Hello, my name is Melanie. I'm 22 years old, I'm a newly graduated nurse, and just in the prime of my career and the most important years of my life. However, for me, the last four years of my life have been a living hell. Four years ago, I was awaken from my sleep to excruciating pain in my lower right back, all the way down to my hamstring. I couldn't move, I felt paralyzed. I thought perhaps I just pulled a muscle. What I didn't know was this pain would define my entire life for the next four years, until this moment now as I desperately write this to you. Over time, my pain has also developed into extreme groin and hip pain. This has effected every single aspect of my life: my relationships with family, my friendships, my social life, my love life, and even up to my eating habits. But what kills me the most is that I cannot perform the job that I love and worked so hard to get my degree in for five long years.
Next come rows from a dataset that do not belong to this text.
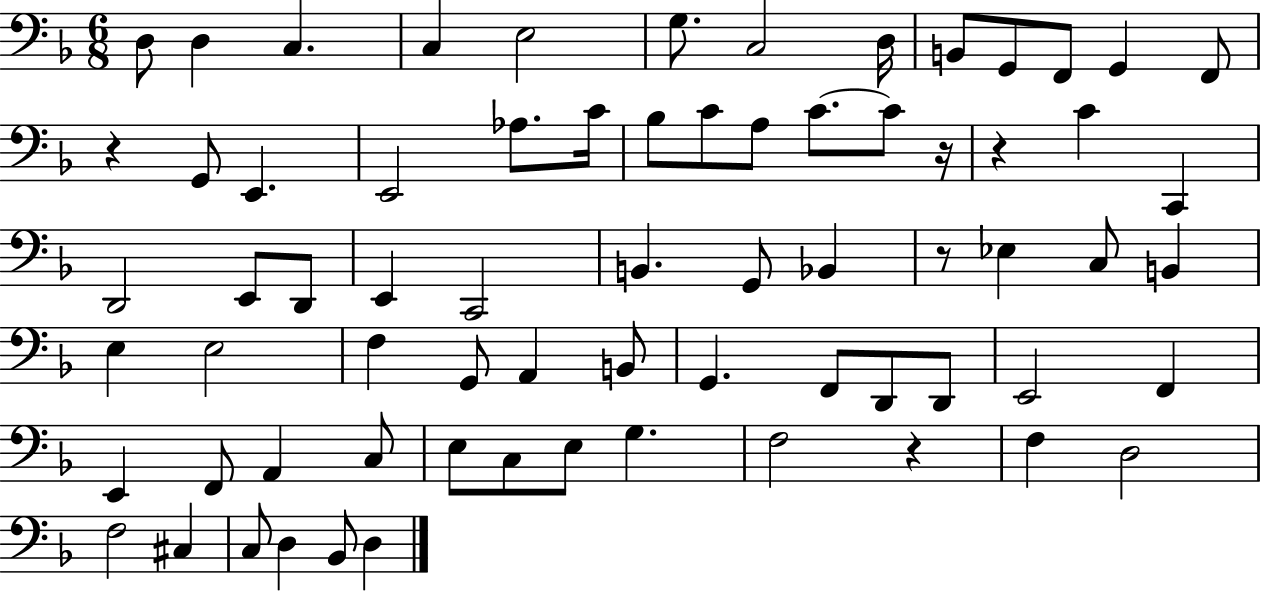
X:1
T:Untitled
M:6/8
L:1/4
K:F
D,/2 D, C, C, E,2 G,/2 C,2 D,/4 B,,/2 G,,/2 F,,/2 G,, F,,/2 z G,,/2 E,, E,,2 _A,/2 C/4 _B,/2 C/2 A,/2 C/2 C/2 z/4 z C C,, D,,2 E,,/2 D,,/2 E,, C,,2 B,, G,,/2 _B,, z/2 _E, C,/2 B,, E, E,2 F, G,,/2 A,, B,,/2 G,, F,,/2 D,,/2 D,,/2 E,,2 F,, E,, F,,/2 A,, C,/2 E,/2 C,/2 E,/2 G, F,2 z F, D,2 F,2 ^C, C,/2 D, _B,,/2 D,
I've been on a long journey. Of doctors, appointments, co-pays, injections, physical therapies, and more. You name it? I've tried it. I've had countless doctors tell me this isn't real--it's all in your head. That you're just depressed. Orthopedics, Gynecologists, Rheumatologists, and pain specialists all telling me they don't know what's wrong with me. And the x-rays and MRIs? All normal. And on top of that, I have dealt with this WHILE getting my degree in nursing school. But finally after five years, I met a doctor that finally listened to me. After a special diagnostic MRI arthrogram, I finally have a diagnosis: a severe torn hip labrum, and also a torn gluteus medius tendon with bursitis. Fancy, right? Also, my hip socket is far too small for my hip to perform the full range of motion that I need it to do. Long story short? I need surgery.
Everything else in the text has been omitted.